Chapel Hill-Carrboro City Schools nurses and the Orange County Health Department are holding an immunization contest in recognition of Adolescent Immunization Month, which was April.

For the contest, students need to receive at least one vaccine between April 1 and May 31.

For a meningococcal vaccine, students will receive two contest entries, while students will receive one entry for Tdap (tetanus/diphtheria/pertussis) and HPV (human papilloma virus) vaccines. To be eligible, students must take proof of the vaccine to a school nurse by 10 a.m. on June 1. A school administrator will select three winners: a fifth-grade winner of an iPod, a middle school winner of an iPod and a high school winner of a laptop.

The meningococcal vaccine is recommended for children aged 11-12 and again for
adolescents aged 16-18. Tdap is required for all students entering sixth grade unless they have received a Td (tetanus/diphtheria) vaccine in the past five years.
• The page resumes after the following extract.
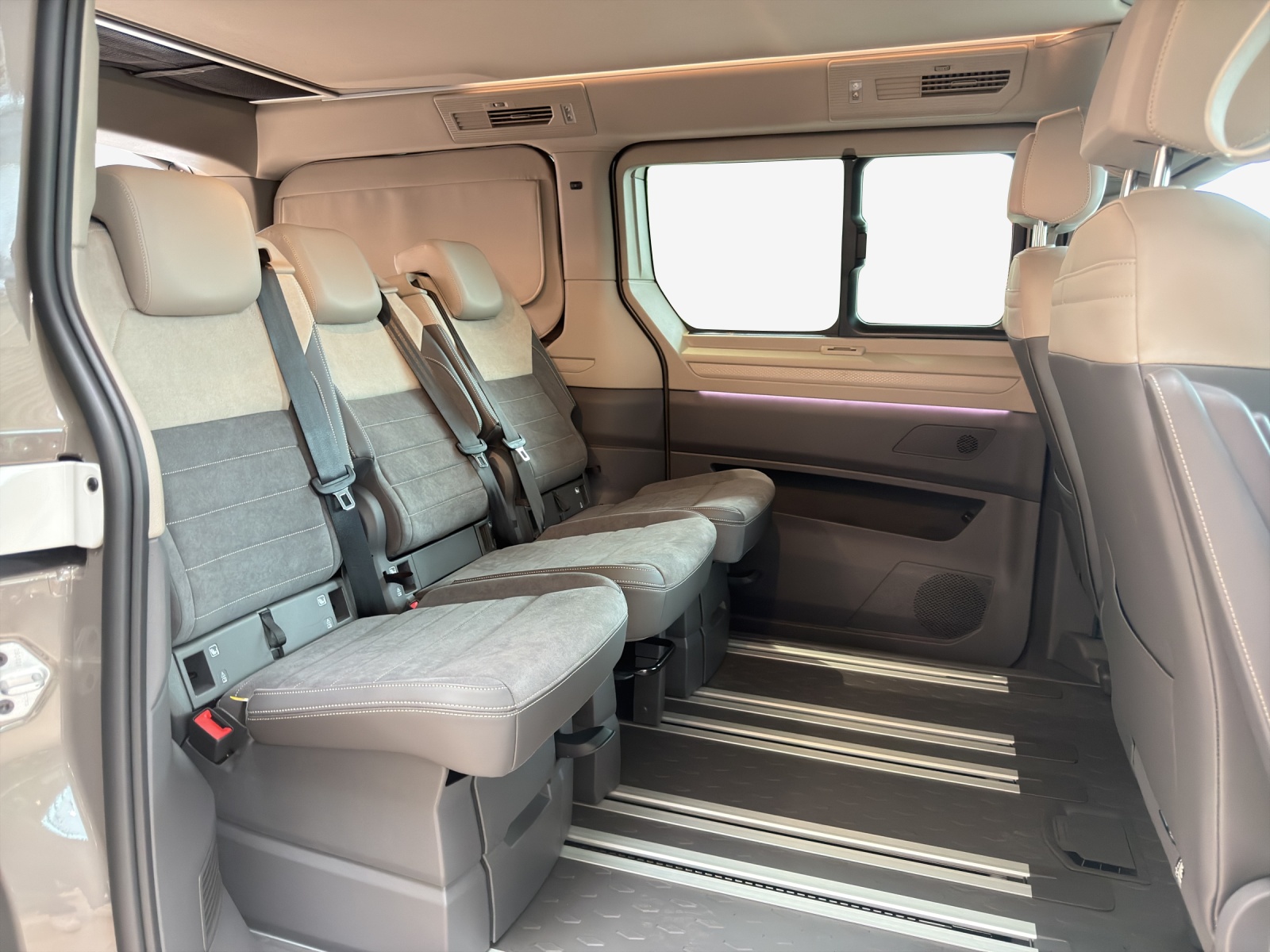 VW California Beach Tour Liberty TDI 150PS DSG-image-14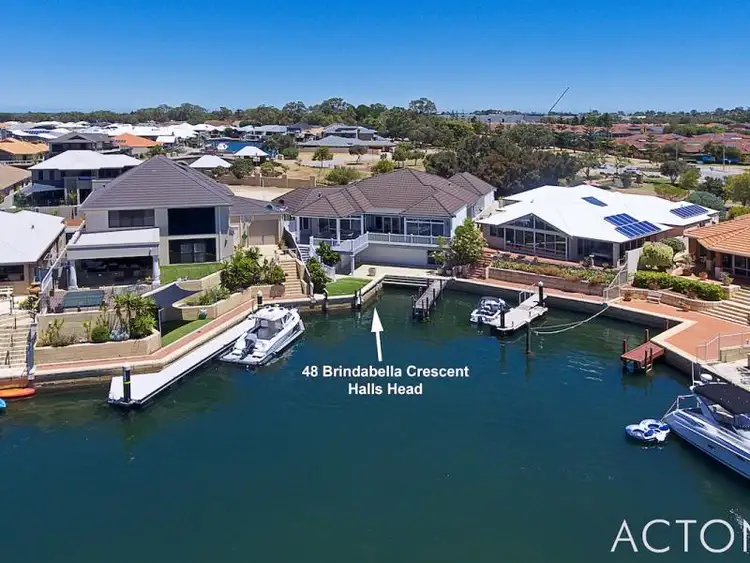 48 Brindabella Crescent, Halls Head WA 6210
The HPV vaccine is recommended for any student aged 9 or older. To make an appointment for a vaccination at the Health Department, call 245-2400 (Hillsborough) or 968-2022, ext. 2 (Chapel Hill).

The department will hold three immunization clinics in Hillsborough from 3 to 6 p.m. on May 10, 11 and 12 and three clinics in Chapel Hill from 3 to 6 p.m. on May 17, 18 and 19. No appointment is necessary for the clinics.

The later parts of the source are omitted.